Pretraining Scaling Laws for Generative Evaluations of Language Models

Authors: Rylan Schaeffer\(^*\), Noam Levi\(^*\), Brando Miranda, Sanmi Koyejo

\(^*\) Equal contribution

Venue: ICLR 2026

Quick Links

Paper
Poster
Tweeprint

Summary

Scaling laws for pretraining loss and discriminative benchmarks are well established. But what about generative tasks like math problem-solving?

We propose and rigorously evaluate three scaling laws for predicting pass-at-\(k\) on generative benchmarks (GSM8K, MATH).

1/N

Our first scaling law fits pass-at-\(k\) as a function of pretraining compute:

\[-\log(\mathrm{pass}@k) = E_0(k) + C_0(k) \cdot C^{-\alpha(k)}\]

Compute Scaling Law

2/N

A key discovery: the number of attempts \(k\) isn’t just a metric parameter—it’s a control lever that shapes the entire scaling law.

As \(k\) increases: irreducible error vanishes, and the scaling exponent steepens from ~0.12 to ~0.38.

Scaling Parameters vs k

3/N

Our second scaling law decomposes compute into parameters \(N\) and tokens \(D\):

\[-\log(\mathrm{pass}@k) = \mathcal{E}_0(k) + N_0(k) \cdot N^{-\beta(k)} + D_0(k) \cdot D^{-\gamma(k)}\]

This yields tighter in-range fits but similar predictive performance.
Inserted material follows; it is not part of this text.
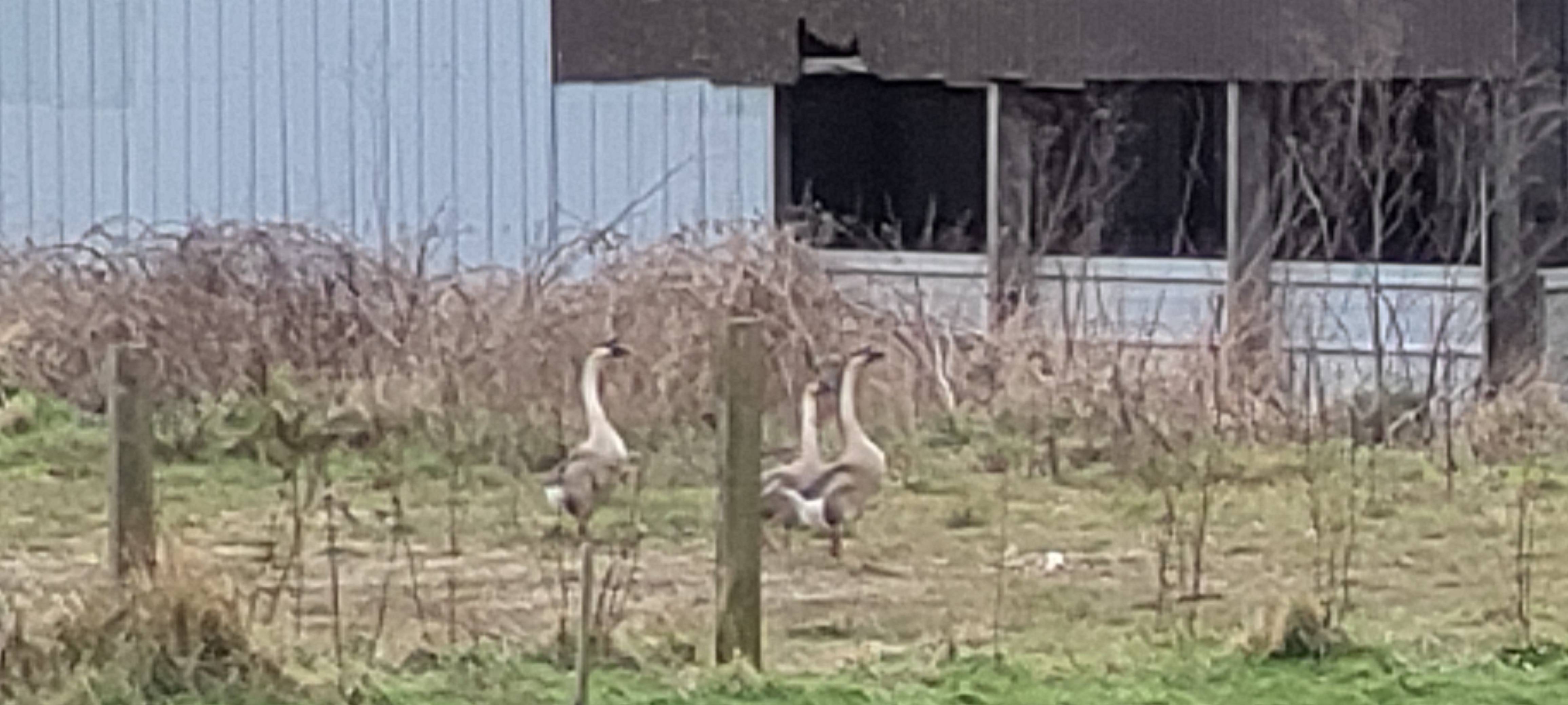 A photo of a Swan Goose photographed in  Gristhorpe, England, United Kingdom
Parameters + Tokens Scaling

4/N

Our third scaling law uses gold reference likelihoods—how likely the model thinks the ground-truth solution is:

\[-\log(\mathrm{pass}@k) = \xi_0(k) + K_0(k) \cdot [-\log(\mathrm{GoldProb})]^{\kappa(k)}\]

Gold Reference Scaling

5/N

How predictive are these laws? We backtest: fit on cheap models, predict expensive models.

The compute and params+tokens laws require models within ~2 orders of magnitude of the target.

Backtesting Compute

6/N

The gold reference law is remarkably stable—parameters converge using models up to ~5 orders of magnitude cheaper than the target.
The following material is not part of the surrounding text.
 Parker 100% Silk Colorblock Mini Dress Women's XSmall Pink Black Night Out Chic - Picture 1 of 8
This suggests gold reference likelihoods provide a robust signal for long-range forecasting.

Backtesting Gold Reference

7/N

We prove a theoretical connection: the compute law is the compute-optimal envelope of the params+tokens law.
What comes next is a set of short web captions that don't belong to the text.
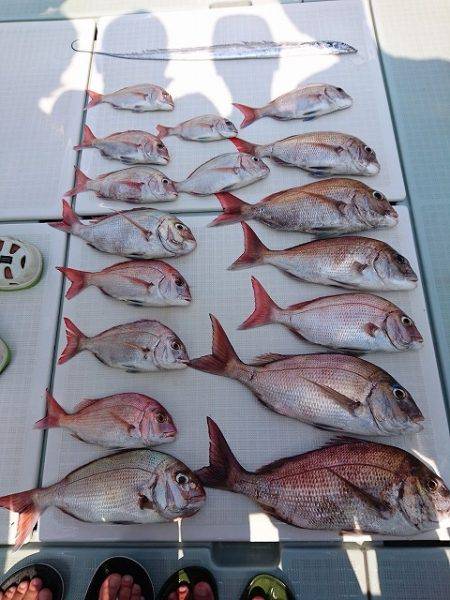 フィッシングボートACE（エース） 釣果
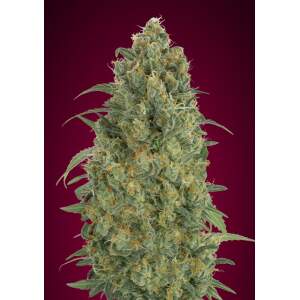 Advanced Seeds Auto Strawberry Gum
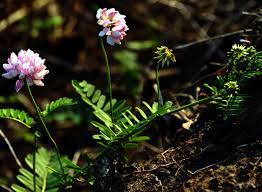 Check spelling or type a new query. Securigera Varia Wikipedia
Deviating from optimal allocation introduces a multiplicative penalty. This quantifies exactly how much “effective compute” you lose by over/undertraining.

8/N

Key takeaways:

Pass-at-\(k\) follows predictable scaling laws
\(k\) is a powerful lever that eliminates irreducible error and steepens scaling
Gold reference likelihoods are uniquely stable across 5 OOM
Compute scaling emerges as the optimal envelope of params+tokens scaling

9/N